§ **Work instructions**
In this exercise, return the whole listing exactly, excluding any images.
START Recorded data
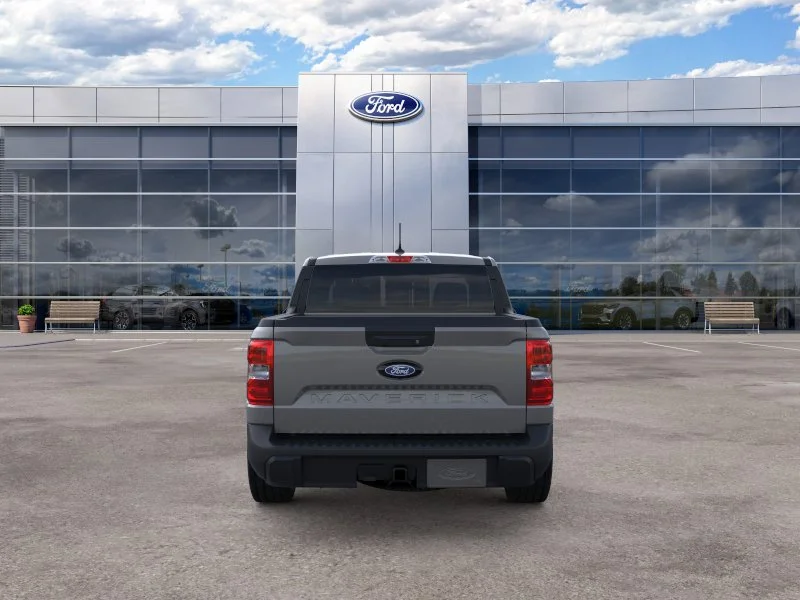 New 2026 Carbonized Gray Metallic Ford XL image 5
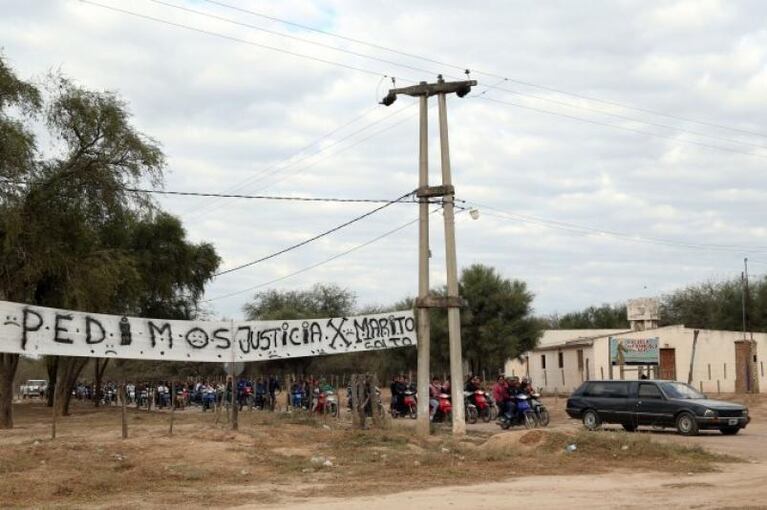 Horror en Santiago del Estero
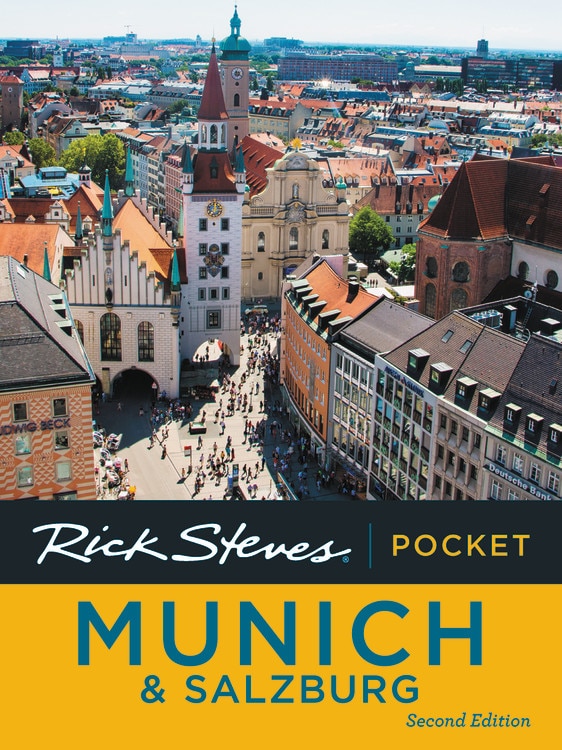 Couverture_Rick Steves Pocket Munich & Salzburg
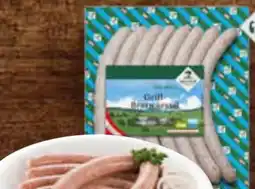 Unimarkt Greisinger Bratwürstel Angebot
END Recorded data
§ **Exercise result**
 New 2026 Carbonized Gray Metallic Ford XL image 5
 Horror en Santiago del Estero
 Couverture_Rick Steves Pocket Munich & Salzburg
 Unimarkt Greisinger Bratwürstel Angebot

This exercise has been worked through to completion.